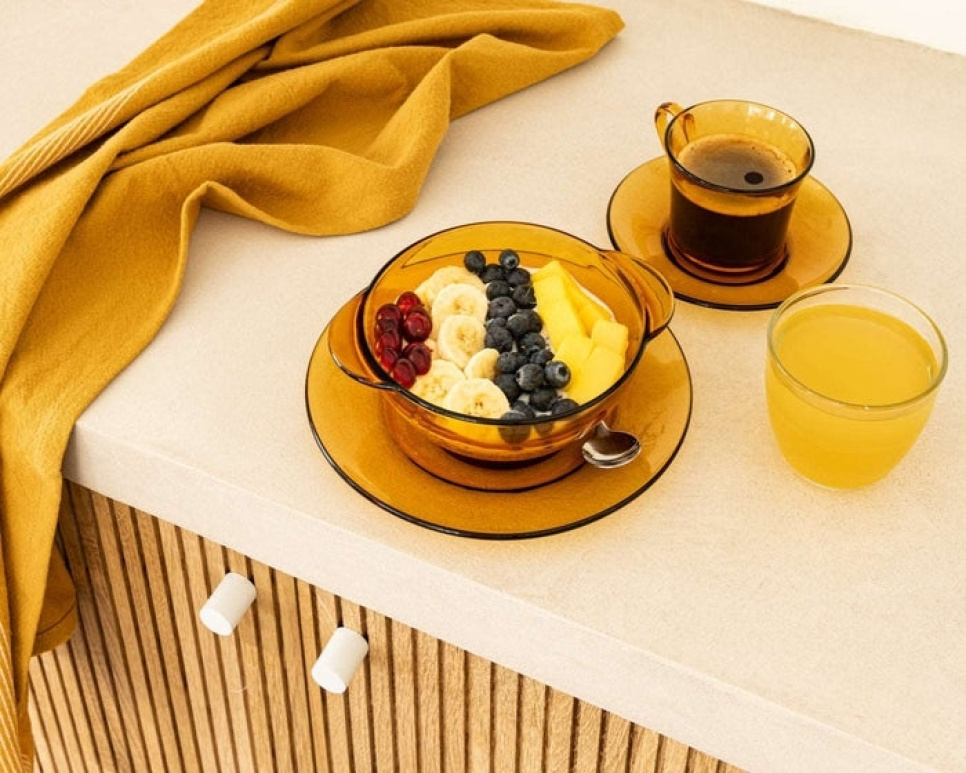 Skål med handtag 51 cl, Lys Amber - Duralex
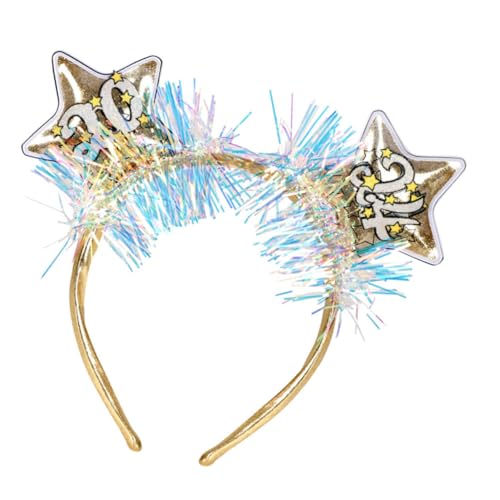DRESSOOS Neues Jahr Stirnband Silvesterparty Make-up-stirnband Partydekorationen Kopfbedeckung Frohes Jahr-party Organizer Für Stirnbandhalter Kostüm Stirnband Geburtstag Stirnbänder Pvc von DRESSOOS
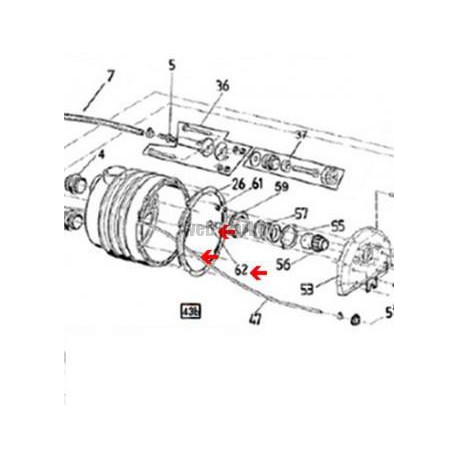 Joint de vidange de pompe Eurostar (11x2,5mm)
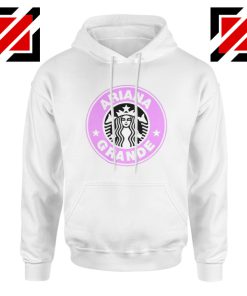 Ariana Grande Starbucks Hoodie Coffee Logo Hoodies S-2XL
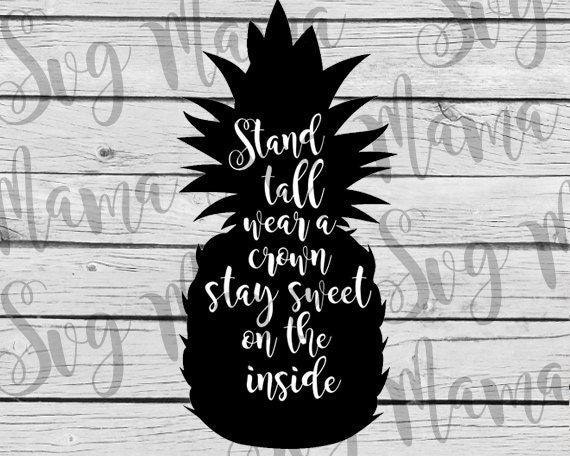 Download Be A Pineapple SVG JPG PNG Cutting File T-Shirt by SVGmama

---------------

● **Exercise prompt**:
Copy the data word for word, no pictures.

● **Response for this exercise**:
 Skål med handtag 51 cl, Lys Amber - Duralex
DRESSOOS Neues Jahr Stirnband Silvesterparty Make-up-stirnband Partydekorationen Kopfbedeckung Frohes Jahr-party Organizer Für Stirnbandhalter Kostüm Stirnband Geburtstag Stirnbänder Pvc von DRESSOOS
 Joint de vidange de pompe Eurostar (11x2,5mm)
 Ariana Grande Starbucks Hoodie Coffee Logo Hoodies S-2XL
 Download Be A Pineapple SVG JPG PNG Cutting File T-Shirt by SVGmama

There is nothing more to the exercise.